* _Data extract_:
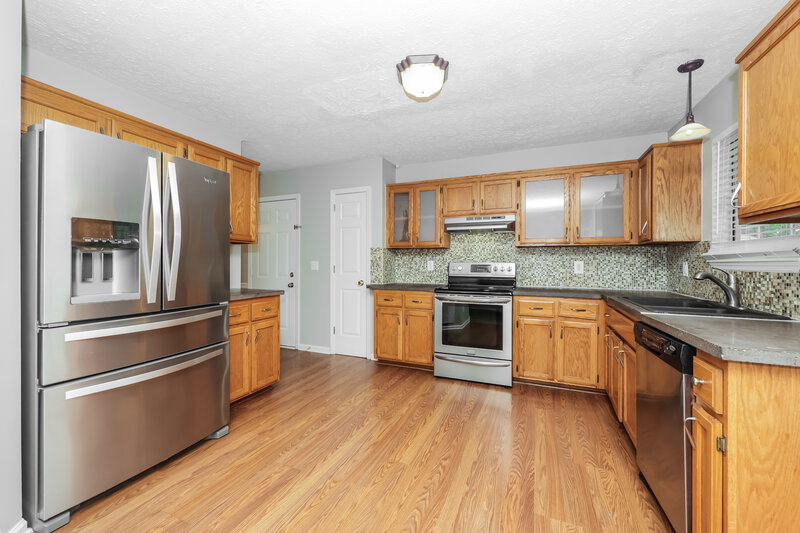 2,870/Mo, 5120 Pebble Creek Dr Antioch, TN 37013 Kitchen View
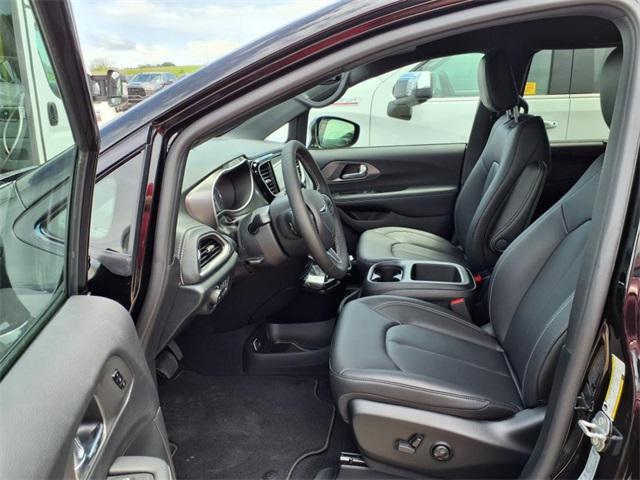 new 2025 Chrysler Pacifica car, priced at $40,325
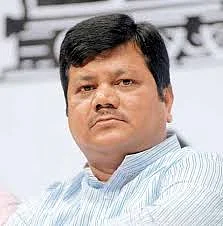 pravin darekar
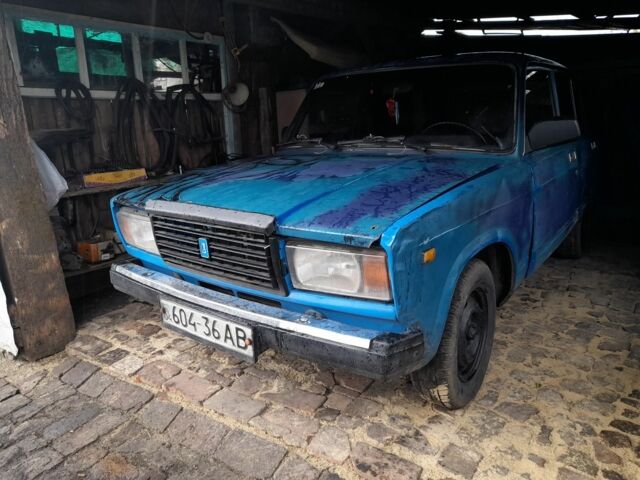Синий ВАЗ 2107, объемом двигателя 1.5 л и пробегом 777 тыс. км за 357 $, фото 2 на Automoto.ua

* _Exercise_:
Could the listing above be printed again in full, with every picture omitted?

* _Result of this task_:
 2,870/Mo, 5120 Pebble Creek Dr Antioch, TN 37013 Kitchen View
 new 2025 Chrysler Pacifica car, priced at $40,325
 pravin darekar
Синий ВАЗ 2107, объемом двигателя 1.5 л и пробегом 777 тыс. км за 357 $, фото 2 на Automoto.ua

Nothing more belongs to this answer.